On Thursday, 13 October 2022 at 08:35:50 UTC, bauss wrote:
On Thursday, 13 October 2022 at 08:30:04 UTC, rikki cattermole
wrote:
On 13/10/2022 9:27 PM, bauss wrote:
This doesn't actually work properly in all languages. It will
probably work in most, but it's not entirely correct.
Ex. Turkish will not work with it properly.
Very interesting article:
http://www.moserware.com/2008/02/does-your-code-pass-turkey-test.html
Yes turkic languages, they require a state machine and quite a
bit of LUTs to work correctly.
You also need to provide a language and it has to operate on
the whole string, not individual characters.
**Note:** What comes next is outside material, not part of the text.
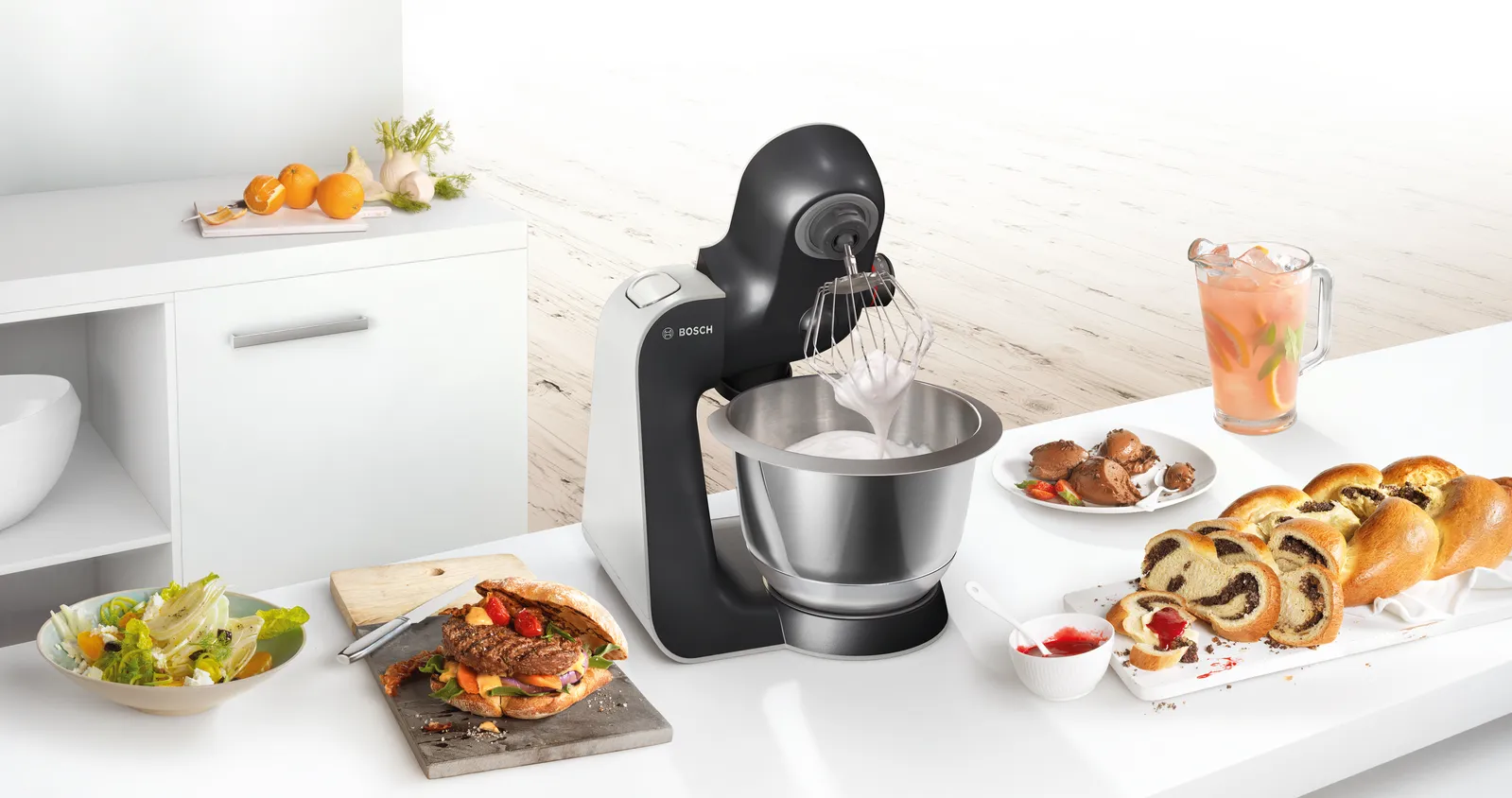 BOSCH SDA  MUM58M59 MUM5 keukenrobot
I didn't think it was relevant since Ascii was in the original
post ;)
I think it's relevant when it comes to D since D is arguably a
unicode language, not ascii.
D should strive to be correct, rather than fast.
Oh and to add onto this, IFF you have to do it the hacky way,
then converting to uppercase instead of lowercase should be
preferred, because not all lowercase characters can perform round
trip, although a small group of characters, then using uppercase
fixes it, so that's a relatively easy fix. A round trip is
basically converting characters from one culture to another and
then back. It's impossible with some characters when converting
to lowercase, but should always be possible when converting to
uppercase.